FRYEAN MYTHOS: *adventure*
CAMPBELLIAN FUNCTIONS: *metaphysical, psychological, sociological*
This DVD collection includes the six films adapting the very long chanbara ("swordplay") saga of the LONE WOLF AND CUB manga. The collection also includes a re-edited Americanized film-version, SHOGUN ASSASSIN, derived mostly from the second film in the series. and various extras.
By way of explicating the manga's concept, I wrote this here:
I won't attempt in this post to cover every aspect of the complicated manga-saga LONE WOLF AND CUB, a series taking place during the era of Japan's Shogunate rule. Main character Itto Ogami, a master of the samurai sword and executioner to the Shogun, is cast out from his lofty position due to the political maneuvers of his enemies. With the fall of his aristocratic house, he wanders Japan as a masterless ronin, hiring out his sword as a master assassin. At the same time he's constantly pursued by enemies for the price on his head. His only companion is his very young son Daigoro, whom Itto usually pushes in a baby cart. This image alone, a melding of the worlds of innocence and violence, is quintessentially Japanese in character. That said, not every LONE WOLF story is equally mythic. Some stories are simply tales in which Itto takes on some powerful foe and wins out. Other stories succeed in communicating the rigor of the samurai ethos but characters may remain flat.
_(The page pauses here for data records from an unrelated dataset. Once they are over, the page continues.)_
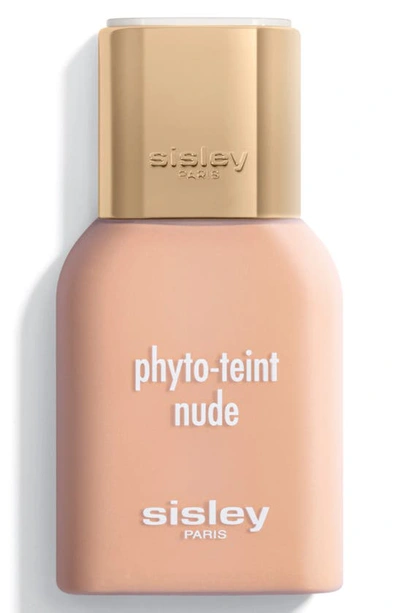 Sisley Paris Phyto-teint Nude Oil-free Foundation In 00n Pearl (light With Neutral Undertone)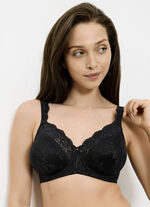 Triumph-Stellina Bügel-BH mit Jacquardmuster SCHWARZ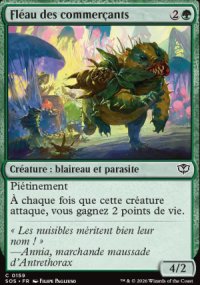 Fl�au des commer�ants - Secrets of Strixhaven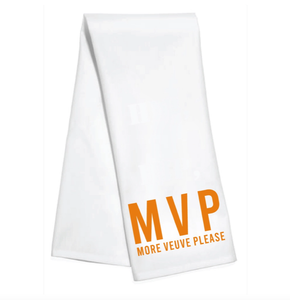 MVP - More Veuve Please Kitchen Towel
The best of the manga-stories manage to communicate a pitiless world of grim duty, in which Ogami even occasionally slays innocents who in some way come into conflict with his samurai sense of obligation. It would not be hard to see Ogami's world through the lens of irony, depicting Japan's medieval world as a chaos of petty intrigues. However, the episodic stories constantly tout Ogami's samurai ethos as admirable, and even when he's forced to slay a valiant foe, the authors present the event as a clash of noble spirits, in line with the invigorating aspect of the adventure-mythos. Yet because the stories are fairly episodic, they vary wildly in terms of capturing a modern myth of the peerless samurai hero.
The six 1970s films display an equally high level of craft, but like many of the manga-stories they don't quite rise to the "good" level of the best myth-films. All six star Tomisaburo Wakayama and Tomikawa Akihito as Ogami and his son Daigoro, though it could be argued that the famous baby-cart-- outfitted with hidden knives and rapid-fire rifles-- is the unbilled "third star" of the movies. Even if there were no other metaphenomenal elements in the LONE WOLF films, the baby-cart-- with which Ogami takes on whole armies in two separate series-films-- would transport these tough-minded swordplay-films into the realm of the uncanny. Strangely, of all the manga-stories adapted, the six here don't choose to translate "The Guns of Sakai," which relates the way in which Daigoro's stroller gets weaponized.
Because the films are all of a piece, I won't review them individually, though I will note that the filmmakers did not choose to adapt the final story of the manga, in which Ogami destroyed the leader of his enemies. Instead, I'll simply indicate the metaphenomenal elements to be found in each film.
SWORD OF VENGEANCE (1972)-- here's the first revelation of the baby cart's special capacities.
BABY CART AT THE RIVER STYX (1972)-- Ogami is pursued by female assassins with ninja-like tricks, including knives hidden in radishes. He also fights a threesome of master fighters with weapons like iron claws and "flying maces."
BABY CART TO HADES (1972)-- Ogami defeats costumed ninja in various disguises. This is the first of the two films in which Ogami defeats a small army.
BABY CART IN PERIL (1972)-- Ogami is hired to slay a female assassin seeking to avenge her rapist by killing many of his retainers; she sports extravagant, demonic body-tattoos designed to distract her opponents. The rapist is apparently a hypnotist, able to cause his opponents to see flames enveloping his katana, but the woman's tattoos throw him off his game so that she can slay him before Ogami slays her.
BABY CART IN THE LAND OF DEMONS (1973)-- Ogami must recover a letter from the hands of a Buddhist monk. This is the closest that the movie-series comes to the marvelous-supernatural, since when Ogami draws near the monk, the assassin cannot attack the monk because he has transcended ordinary life. Still, one can interpret this form of "chi" as something akin to hypnosis, and Ogami manages to transcend his own limitations to complete his mission.
WHITE HEAVEN IN HELL (1974)-- Ogami is threatened by a clan of tricksters who come close to unsettling his samutai calm with their ghostly appearance. Indeed, the three foremost killers were buried alive for 42 days, without food or water, and are viewed by their leader as being "neither dead nor alive." Nevertheless, Ogami is able to kill the unkillable, after which he destroys another army.